Much of the analysis is made complicated by the mix differences the main three supermarkets have in terms of the smaller convenience format. Tesco were ahead of both Sainsbury's and WM Morrison on this one, and I recall that convenience as a segment has been continually taking share from the 'big box' stores.

I've tried to do sectoral comparisons on the big supermarkets myself and, while they are instructive, we're missing a lot of the information we'd really like - ASDA, Aldi, Lidl and Waitrose are all big (or, more importantly, growing) players we have to exclude from any comparison, and we are the lesser for it. Tesco's international operations confuse their group picture and UK comparisons.

I broadly pull the opposite conclusions to you, though. While the sector as a whole is rough - investing in any of the three big supermarkets is putting your money in a sector which is facing more (and better) competition than it has done for a long time - I tend to think Tesco has the edge by virtue of the fact it has those international operations. They still earn a better return on capital than any of their peers.

Reply
Orangetree

Dear Expecting Value,

Sorry for the late late reply, as i wanted to test my theory out. It turns out i was too optimistic in my forecast and all three have performed poorly, especially Tesco losing more than a third in value since May.
The sell signal for me is two months after the CFO made his dramatic departure, and Tesco failure to appoint new CFO!!! A major red flag, as BoD knows the numbers are manipulated therefore appointing a reputable CFO on time would not be good for the now ex-CEO Phillip Clarke.

Now, in absence of any strategy from Tesco, you may be interested in reading an article i written up in Seeking Alpha by comparing Tesco and Carrefour (the second largest supermarket in the world) HERE.
Carrefour experience the same thing like Tesco and has since able to compete with the discounters, it took ten years to turn this around.

Reply
intuitive6191

For me one of the easiest sectors to research by direct experience is Food Retailing. The products are easy to compare on price and quality. The quality and number of staff are very visible and the overall layout and effectiveness of the store is immediately apparent. Most of my thoughts are therefore based on what I see happening on the ground.

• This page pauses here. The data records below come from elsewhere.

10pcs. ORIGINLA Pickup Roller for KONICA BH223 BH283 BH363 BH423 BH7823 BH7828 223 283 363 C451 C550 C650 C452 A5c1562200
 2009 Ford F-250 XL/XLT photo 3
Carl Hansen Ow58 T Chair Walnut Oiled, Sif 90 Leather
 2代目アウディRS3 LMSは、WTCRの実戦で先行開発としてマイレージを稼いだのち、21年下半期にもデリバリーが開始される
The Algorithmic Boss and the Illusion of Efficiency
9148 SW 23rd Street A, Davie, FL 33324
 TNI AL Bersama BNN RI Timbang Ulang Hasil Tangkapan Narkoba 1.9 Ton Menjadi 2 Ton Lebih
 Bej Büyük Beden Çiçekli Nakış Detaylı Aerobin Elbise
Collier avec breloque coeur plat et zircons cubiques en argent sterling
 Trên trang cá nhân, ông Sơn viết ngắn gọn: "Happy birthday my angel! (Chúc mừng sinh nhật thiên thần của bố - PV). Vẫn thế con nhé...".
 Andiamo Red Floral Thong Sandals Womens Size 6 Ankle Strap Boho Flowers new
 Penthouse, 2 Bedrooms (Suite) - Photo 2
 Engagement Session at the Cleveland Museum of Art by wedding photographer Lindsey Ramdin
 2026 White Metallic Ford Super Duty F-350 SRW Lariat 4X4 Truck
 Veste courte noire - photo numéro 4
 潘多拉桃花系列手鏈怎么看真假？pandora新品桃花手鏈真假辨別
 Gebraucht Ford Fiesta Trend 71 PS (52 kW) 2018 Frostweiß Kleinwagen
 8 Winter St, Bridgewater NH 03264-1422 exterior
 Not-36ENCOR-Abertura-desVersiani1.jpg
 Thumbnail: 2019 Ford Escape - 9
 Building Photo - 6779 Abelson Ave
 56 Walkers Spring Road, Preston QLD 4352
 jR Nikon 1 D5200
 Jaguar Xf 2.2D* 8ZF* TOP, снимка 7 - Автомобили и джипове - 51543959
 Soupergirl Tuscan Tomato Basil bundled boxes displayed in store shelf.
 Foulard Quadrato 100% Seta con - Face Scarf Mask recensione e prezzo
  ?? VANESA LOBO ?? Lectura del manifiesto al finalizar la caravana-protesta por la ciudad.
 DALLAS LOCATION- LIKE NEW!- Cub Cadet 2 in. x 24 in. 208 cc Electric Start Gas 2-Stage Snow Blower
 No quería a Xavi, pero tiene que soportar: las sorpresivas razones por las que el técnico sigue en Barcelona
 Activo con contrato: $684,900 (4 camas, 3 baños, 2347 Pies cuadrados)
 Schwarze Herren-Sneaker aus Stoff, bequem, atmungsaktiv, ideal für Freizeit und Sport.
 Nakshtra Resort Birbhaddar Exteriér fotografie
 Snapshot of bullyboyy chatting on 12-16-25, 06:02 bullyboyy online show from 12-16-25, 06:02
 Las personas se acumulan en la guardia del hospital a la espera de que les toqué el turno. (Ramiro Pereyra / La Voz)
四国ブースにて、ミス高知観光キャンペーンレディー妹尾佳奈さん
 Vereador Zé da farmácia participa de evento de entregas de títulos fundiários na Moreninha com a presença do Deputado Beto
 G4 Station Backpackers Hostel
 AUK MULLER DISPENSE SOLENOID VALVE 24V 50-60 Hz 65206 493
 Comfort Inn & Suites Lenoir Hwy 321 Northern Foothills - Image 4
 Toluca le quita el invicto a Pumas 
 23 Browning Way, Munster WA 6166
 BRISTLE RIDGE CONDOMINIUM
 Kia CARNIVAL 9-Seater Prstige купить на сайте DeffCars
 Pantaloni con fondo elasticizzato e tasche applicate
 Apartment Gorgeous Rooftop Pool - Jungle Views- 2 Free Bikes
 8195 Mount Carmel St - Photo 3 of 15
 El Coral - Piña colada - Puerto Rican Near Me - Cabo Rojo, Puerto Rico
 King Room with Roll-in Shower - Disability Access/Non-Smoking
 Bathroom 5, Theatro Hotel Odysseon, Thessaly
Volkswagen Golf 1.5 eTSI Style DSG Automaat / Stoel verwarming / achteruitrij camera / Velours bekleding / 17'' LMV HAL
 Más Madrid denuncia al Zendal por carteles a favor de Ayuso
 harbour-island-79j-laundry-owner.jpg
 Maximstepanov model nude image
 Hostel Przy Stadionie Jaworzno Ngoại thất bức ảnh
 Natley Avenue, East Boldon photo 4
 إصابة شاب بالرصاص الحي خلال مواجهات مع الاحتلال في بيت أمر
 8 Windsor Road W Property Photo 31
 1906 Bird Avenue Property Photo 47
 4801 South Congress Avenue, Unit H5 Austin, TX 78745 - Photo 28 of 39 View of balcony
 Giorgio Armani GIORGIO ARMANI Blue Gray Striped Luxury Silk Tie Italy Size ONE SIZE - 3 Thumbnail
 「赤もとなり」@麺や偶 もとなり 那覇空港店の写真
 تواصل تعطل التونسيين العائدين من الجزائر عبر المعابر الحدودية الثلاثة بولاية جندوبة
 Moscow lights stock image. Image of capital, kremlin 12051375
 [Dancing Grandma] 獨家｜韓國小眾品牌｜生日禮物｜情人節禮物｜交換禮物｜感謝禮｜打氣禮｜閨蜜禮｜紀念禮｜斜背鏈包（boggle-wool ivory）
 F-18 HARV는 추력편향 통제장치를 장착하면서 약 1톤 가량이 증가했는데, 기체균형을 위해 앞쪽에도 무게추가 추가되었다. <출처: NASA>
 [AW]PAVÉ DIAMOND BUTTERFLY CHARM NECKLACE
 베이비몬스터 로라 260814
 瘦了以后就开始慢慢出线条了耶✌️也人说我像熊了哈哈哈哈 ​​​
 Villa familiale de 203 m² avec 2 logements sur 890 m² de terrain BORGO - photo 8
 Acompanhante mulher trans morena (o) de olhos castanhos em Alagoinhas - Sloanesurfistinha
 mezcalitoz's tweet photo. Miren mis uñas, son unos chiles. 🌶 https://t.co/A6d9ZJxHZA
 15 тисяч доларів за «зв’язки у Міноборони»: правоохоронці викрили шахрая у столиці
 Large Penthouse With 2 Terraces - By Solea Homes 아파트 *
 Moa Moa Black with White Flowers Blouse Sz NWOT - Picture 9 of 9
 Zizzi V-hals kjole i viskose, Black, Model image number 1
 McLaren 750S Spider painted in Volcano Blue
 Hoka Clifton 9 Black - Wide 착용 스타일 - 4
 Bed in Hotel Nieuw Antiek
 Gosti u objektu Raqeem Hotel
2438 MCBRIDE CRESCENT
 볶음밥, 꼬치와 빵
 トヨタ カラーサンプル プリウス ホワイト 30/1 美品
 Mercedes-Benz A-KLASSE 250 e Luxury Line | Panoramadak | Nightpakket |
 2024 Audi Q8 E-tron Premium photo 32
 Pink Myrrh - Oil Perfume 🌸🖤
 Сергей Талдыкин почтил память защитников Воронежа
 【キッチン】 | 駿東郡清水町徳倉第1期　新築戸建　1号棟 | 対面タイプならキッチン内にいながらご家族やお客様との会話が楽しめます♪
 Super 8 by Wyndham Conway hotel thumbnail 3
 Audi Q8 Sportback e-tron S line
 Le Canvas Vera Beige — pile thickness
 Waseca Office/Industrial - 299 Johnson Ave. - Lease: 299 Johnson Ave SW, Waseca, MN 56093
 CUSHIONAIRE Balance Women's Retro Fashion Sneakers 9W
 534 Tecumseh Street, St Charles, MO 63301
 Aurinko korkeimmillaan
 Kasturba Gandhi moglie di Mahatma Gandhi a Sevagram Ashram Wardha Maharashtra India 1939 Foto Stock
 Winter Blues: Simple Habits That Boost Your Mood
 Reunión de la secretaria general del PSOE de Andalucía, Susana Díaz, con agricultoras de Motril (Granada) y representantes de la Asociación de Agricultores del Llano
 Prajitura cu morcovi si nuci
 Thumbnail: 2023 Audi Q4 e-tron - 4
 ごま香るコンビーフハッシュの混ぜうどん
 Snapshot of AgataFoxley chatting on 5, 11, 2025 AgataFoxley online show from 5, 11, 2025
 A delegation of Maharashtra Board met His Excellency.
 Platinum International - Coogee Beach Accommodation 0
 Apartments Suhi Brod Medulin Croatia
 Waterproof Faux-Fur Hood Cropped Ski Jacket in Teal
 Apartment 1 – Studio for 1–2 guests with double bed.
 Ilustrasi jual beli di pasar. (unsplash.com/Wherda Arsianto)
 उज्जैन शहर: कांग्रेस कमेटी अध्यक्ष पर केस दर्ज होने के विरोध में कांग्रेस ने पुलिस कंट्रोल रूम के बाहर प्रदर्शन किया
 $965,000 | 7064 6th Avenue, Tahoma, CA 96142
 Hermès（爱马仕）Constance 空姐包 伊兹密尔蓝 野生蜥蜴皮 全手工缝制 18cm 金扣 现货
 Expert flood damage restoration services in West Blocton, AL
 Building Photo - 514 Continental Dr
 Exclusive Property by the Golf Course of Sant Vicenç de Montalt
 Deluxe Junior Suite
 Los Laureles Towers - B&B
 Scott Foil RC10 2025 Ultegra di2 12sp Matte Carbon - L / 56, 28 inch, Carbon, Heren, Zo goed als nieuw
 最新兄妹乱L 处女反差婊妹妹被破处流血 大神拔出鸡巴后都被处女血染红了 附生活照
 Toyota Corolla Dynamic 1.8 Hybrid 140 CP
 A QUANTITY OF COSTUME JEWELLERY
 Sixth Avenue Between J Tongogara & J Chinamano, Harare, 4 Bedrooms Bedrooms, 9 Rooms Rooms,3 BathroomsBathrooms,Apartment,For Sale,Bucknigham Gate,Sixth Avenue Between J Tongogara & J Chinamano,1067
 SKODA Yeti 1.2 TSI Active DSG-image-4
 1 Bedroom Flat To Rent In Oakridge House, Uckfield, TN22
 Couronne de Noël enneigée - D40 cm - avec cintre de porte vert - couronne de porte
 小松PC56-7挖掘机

In my home town there is an Aldi, Tesco and Morrisons forming a triangle around a car park. 15 minutes sat in the car park is most illuminating. The first and most obvious point which comes to mind is that there is no "profile customer" any more. Well heeled types come out of Aldi and dump their purchases in the Land Rover. There are others who seem to use all three - presumably buying the best offers/personal preferences at each store.

The clear winner however is Aldi. Two or three years ago there was only myself and a few other lost souls wandering around now the is a queue at every till most of the time. The store is clearly laid out with virtually no stock outs and Staff are very flexible, working the tills and filling shelves. The sales per sq ft must be very impressive.

The clear loser is Tesco. It is one of their smaller stores and seems to have struggled to withstand the Aldi onslaught. Recently it seems to have installed a new manager who seems to be making a difference - but this is not going to be quick turnaround.

The enigma for me is Morrisons.The store is laid out well and they have the best potential story with their vertical supply chains. Their prices are reasonable and store seems to be quite busy. If you didnt know the figures you would assume that they are doing fairly well.

From my personal experiences its clear to me that Food Retailing is undergoing a permanent shift in the UK. I couldn't invest in Tesco because it seems to me to have the most to lose and the least capability to defend itself.I would argue that the sector is undergoing so much change and uncertainty that the best valuation is one that identifies the most obvious takeover potential. For me this is Sainsbury closely followed by Morrisons.

In the recent fallout I have bought a few of both as a speculative takeover punt - but they are not high conviction buys.

Reply
Orangetree

Couldn't agree more intuitive6191, but i feel that given time and the right valuation Tesco can be a buy in the future.
Right now, they don't have a strategic plans to deal with the discounters, new management needs time to learn about Tesco's flawed business model and the company as a whole need a change in mindset.
At the same time, the discounters plan to steamroll the traditional supermarkets, when Aldi announces plan to open 1,000 new stores in 8 years.

But there is hope, if you look across the pond in France where Carrefour has to deal with the discounters, and now they are taking back market share from them.